Work required:
Count up the lines below in which the string "Asian" appears. The reply should be that number alone.

Records for processing:
--

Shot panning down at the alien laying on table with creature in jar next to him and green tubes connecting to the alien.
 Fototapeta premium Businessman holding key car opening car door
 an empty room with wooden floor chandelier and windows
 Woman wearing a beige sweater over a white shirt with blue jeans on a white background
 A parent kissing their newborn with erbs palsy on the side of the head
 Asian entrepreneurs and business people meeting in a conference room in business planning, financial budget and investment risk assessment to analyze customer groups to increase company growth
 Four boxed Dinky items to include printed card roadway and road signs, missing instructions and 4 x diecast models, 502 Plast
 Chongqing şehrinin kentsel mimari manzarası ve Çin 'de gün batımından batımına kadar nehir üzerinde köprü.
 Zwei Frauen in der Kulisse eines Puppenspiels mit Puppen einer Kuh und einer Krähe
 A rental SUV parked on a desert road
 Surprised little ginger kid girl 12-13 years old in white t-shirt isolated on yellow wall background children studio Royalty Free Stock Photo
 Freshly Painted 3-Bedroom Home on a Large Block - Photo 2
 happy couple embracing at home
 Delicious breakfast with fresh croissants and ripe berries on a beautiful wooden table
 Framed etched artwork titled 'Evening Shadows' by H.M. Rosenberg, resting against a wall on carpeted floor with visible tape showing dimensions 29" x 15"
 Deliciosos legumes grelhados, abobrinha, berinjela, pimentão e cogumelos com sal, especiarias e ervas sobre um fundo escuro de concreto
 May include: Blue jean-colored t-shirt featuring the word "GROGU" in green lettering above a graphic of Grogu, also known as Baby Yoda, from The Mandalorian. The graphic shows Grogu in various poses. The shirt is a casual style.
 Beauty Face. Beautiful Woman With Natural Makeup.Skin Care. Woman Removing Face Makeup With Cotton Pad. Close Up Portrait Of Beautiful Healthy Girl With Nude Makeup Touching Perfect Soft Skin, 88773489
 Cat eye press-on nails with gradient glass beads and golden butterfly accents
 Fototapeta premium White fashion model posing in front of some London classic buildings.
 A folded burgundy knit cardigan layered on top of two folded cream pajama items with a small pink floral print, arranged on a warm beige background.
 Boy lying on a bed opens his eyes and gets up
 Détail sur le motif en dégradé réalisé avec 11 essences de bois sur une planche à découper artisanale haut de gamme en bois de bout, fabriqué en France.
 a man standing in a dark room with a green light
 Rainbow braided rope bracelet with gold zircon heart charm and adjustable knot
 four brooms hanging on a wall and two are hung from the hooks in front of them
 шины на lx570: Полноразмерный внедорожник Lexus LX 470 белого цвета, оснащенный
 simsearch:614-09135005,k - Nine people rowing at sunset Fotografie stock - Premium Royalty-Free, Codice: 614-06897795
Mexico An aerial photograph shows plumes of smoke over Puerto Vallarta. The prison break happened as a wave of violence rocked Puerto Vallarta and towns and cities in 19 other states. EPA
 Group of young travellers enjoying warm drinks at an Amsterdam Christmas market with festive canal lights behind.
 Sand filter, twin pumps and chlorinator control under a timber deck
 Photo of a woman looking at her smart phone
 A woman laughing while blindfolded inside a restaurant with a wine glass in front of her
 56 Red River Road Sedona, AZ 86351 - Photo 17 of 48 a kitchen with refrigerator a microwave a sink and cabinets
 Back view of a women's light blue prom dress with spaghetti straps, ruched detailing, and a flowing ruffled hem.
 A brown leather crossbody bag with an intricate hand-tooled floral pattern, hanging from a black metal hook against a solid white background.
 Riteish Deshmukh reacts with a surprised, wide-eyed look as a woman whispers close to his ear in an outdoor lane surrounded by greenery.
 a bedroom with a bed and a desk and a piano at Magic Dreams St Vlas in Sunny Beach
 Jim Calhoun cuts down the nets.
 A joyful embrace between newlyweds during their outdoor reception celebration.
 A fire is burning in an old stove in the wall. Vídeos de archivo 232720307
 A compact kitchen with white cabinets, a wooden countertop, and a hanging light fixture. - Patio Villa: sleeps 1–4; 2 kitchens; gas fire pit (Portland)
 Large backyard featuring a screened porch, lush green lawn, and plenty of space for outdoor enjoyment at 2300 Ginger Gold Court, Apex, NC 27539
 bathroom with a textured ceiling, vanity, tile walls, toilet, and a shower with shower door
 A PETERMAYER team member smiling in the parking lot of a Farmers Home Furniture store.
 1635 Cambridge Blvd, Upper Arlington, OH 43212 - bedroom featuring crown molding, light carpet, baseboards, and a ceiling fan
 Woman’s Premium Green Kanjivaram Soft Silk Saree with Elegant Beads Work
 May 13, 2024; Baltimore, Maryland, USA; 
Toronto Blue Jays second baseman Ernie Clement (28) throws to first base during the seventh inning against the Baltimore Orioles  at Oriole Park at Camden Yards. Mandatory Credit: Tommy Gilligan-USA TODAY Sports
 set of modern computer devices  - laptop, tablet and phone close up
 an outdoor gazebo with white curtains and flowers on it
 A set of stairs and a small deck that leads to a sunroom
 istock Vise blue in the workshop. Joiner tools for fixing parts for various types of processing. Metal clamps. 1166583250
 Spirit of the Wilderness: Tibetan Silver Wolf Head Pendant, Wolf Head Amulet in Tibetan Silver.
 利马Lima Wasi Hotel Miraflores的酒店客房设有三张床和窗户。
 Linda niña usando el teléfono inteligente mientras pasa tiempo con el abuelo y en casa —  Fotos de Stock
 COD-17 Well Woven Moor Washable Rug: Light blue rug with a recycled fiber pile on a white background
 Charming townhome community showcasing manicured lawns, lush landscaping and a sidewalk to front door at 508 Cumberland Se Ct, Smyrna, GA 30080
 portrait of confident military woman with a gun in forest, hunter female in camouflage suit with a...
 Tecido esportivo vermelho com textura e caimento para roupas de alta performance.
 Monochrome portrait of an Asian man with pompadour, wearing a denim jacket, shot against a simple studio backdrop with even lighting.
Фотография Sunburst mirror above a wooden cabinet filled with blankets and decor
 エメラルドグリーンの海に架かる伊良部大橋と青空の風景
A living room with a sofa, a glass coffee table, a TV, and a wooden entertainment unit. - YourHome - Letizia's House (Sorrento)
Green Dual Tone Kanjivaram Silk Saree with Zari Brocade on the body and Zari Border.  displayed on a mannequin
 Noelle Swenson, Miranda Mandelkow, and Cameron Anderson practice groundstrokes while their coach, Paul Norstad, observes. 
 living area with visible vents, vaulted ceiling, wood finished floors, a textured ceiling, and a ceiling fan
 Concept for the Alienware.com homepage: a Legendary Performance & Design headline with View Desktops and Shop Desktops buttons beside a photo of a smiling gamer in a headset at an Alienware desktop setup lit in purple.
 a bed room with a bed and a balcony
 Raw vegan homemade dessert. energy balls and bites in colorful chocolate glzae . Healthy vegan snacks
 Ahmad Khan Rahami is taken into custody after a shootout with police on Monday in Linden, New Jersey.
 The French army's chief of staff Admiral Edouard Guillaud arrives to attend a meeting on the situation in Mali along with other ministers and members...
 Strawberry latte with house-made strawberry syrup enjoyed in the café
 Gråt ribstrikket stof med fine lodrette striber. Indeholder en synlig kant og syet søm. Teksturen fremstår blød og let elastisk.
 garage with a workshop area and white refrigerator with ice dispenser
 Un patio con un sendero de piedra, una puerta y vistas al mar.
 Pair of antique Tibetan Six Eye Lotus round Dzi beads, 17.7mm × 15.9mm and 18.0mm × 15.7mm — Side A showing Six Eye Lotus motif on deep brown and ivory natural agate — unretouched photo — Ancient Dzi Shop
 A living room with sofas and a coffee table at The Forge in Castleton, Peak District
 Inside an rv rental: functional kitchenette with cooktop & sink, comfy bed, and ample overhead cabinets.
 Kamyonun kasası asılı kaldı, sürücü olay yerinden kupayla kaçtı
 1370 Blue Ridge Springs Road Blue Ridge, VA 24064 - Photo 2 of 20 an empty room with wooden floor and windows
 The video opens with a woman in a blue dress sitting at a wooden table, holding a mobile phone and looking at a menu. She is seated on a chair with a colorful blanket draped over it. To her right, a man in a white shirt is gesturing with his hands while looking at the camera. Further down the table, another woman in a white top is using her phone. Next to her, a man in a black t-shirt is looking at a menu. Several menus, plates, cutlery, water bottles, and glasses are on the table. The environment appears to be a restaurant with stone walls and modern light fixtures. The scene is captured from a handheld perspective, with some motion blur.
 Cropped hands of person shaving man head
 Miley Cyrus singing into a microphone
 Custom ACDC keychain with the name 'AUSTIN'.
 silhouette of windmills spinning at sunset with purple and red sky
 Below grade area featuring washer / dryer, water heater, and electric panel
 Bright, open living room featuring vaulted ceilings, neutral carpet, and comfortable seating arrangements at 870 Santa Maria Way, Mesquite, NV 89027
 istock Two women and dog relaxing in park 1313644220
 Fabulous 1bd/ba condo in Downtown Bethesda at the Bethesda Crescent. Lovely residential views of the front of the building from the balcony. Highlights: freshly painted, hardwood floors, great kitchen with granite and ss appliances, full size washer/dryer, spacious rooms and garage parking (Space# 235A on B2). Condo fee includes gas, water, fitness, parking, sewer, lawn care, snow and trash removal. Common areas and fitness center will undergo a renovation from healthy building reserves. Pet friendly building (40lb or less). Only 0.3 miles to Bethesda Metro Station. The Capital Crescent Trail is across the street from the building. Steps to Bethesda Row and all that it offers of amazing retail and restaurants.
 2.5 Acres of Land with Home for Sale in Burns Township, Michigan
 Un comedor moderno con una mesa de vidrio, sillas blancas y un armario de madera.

--

Your response:
2